DESCRIPTION OF THE TASK — The range runs from the line containing "Junior Away Shorts 2025/26" through the last line of the material below; retype it exactly, leaving out the pictures.

DATA BELOW —
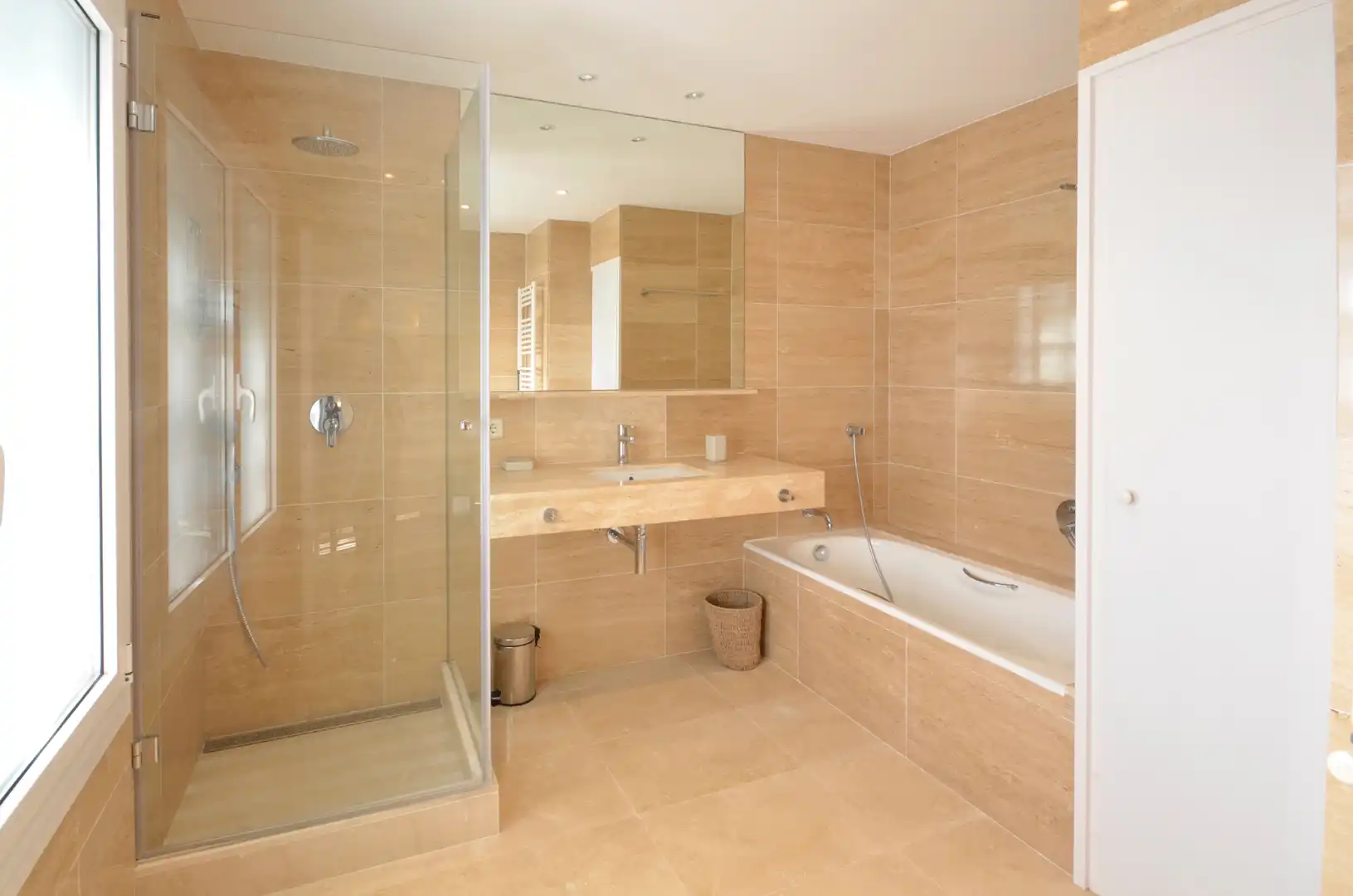 Detached house with pool for sale in Carrer Petunies, imagen 17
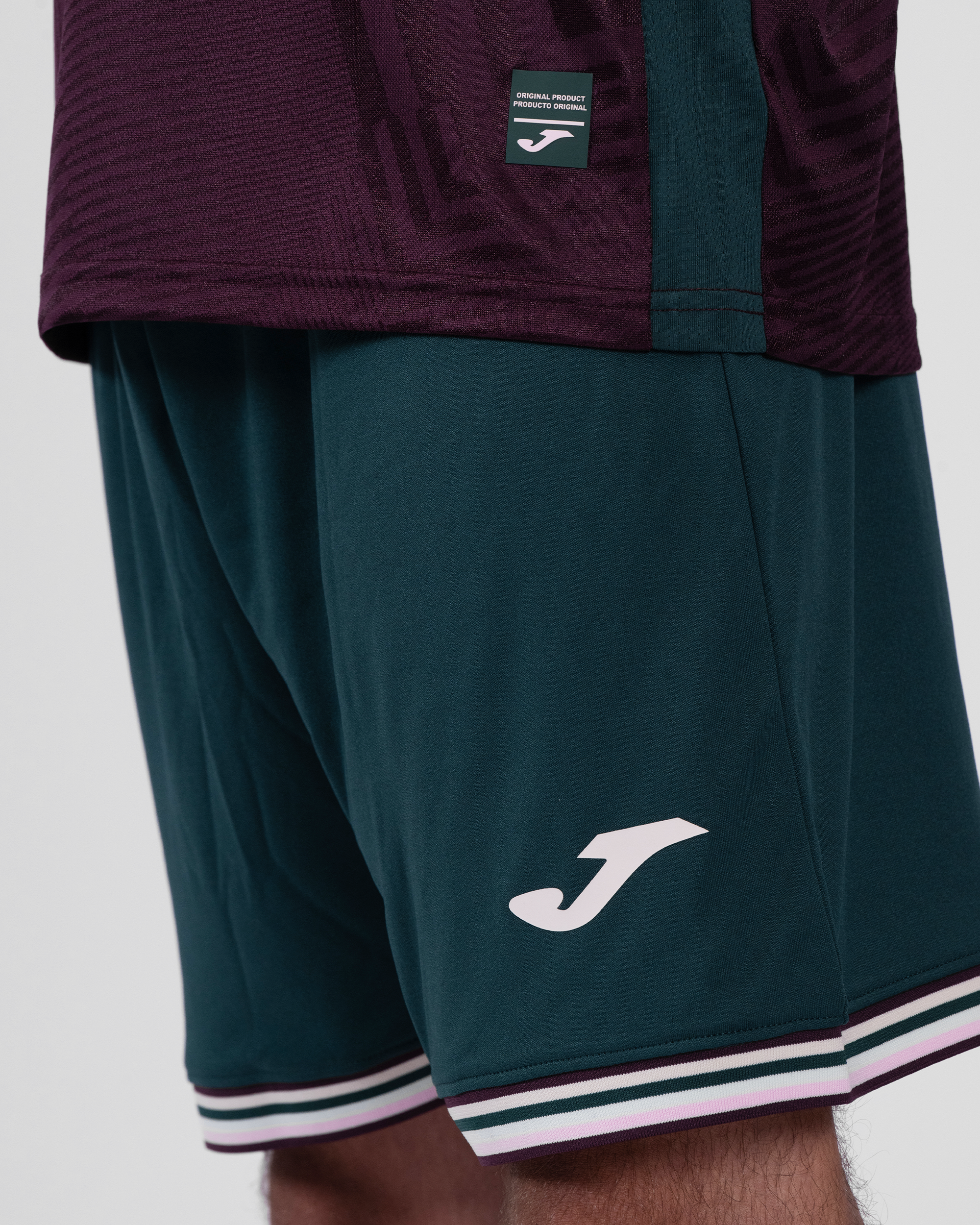 Junior Away Shorts 2025/26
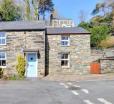 Cosy Holiday Home In Penrhyndeudraeth With Terrace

COMPLETED EXERCISE —
 Junior Away Shorts 2025/26
 Cosy Holiday Home In Penrhyndeudraeth With Terrace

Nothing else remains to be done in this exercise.